People often have a preference among synonyms of the same word. For example, some may prefer “the police”, while others may prefer “the cops”. Analyzing such patterns can help to narrow down a speaker’s identity, which is useful when validating, for example, whether it’s still the same person behind an online avatar.

Now given a paragraph of text sampled from someone’s speech, can you find the person’s most commonly used word?

Input Specification:
Each input file contains one test case. For each case, there is one line of text no more than 1048576 characters in length, terminated by a carriage return \n. The input contains at least one alphanumerical character, i.e., one character from the set [0-9 A-Z a-z].

Output Specification:
For each test case, print in one line the most commonly occurring word in the input text, followed by a space and the number of times it has occurred in the input. If there are more than one such words, print the lexicographically smallest one. The word should be printed in all lower case.

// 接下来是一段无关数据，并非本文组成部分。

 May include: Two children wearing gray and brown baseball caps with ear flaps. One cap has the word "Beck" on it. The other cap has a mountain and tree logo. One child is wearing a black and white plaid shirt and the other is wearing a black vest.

Here a “word” is defined as a continuous sequence of alphanumerical characters separated by non-alphanumerical characters or the line beginning/end.
Note that words are case insensitive.

Sample Input:

Can1: "Can a can can a can?  It can!"

Sample Output:

can 5

解析

case insensitive.大小写不敏感。
这题要求一句话中出现最多次的单词。题目要求的单词是只包含[0-9][a-z][A-Z]。其他的字母忽略。有的同学可能会这样做：

can1can2!can1can2
先去掉!，变成
can1can2can1can2

但是这样就错了。应该改为can1can2 can1can2



具体实现是：使用map统计每个单词出现次数。最后输出出现次数最多的单词即可

#include<map>
#include<vector>
#include<algorithm>
#include<cstdio>
#include<iostream>
#include<utility>
#include<string>
#include<cctype>
using namespace std;
int main()
{
	string input, process;
	getline(cin, input);
	transform(input.begin(), input.end(), input.begin(), ::tolower);
	for (auto x : input) {
		if (isalnum(x) || x == ' ')
			process += x;
		else
			process += ' ';
	}
	map<string, int> Map;
	size_t i = 0, j;
	do {
		j = process.find_first_of(' ', i);
		Map[process.substr(i, j - i)]++;
		while (j!=string::npos && process[j + 1] == ' ')
			j++;
		i = j + 1;
	} while (j != string::npos);
	auto  data = Map.cbegin();
	for (auto it = Map.cbegin(); it != Map.end(); it++) {
		if (data->second < it->second)
			data = it;
	}
	printf("%s %d\n", data->first.c_str(), data->second);
}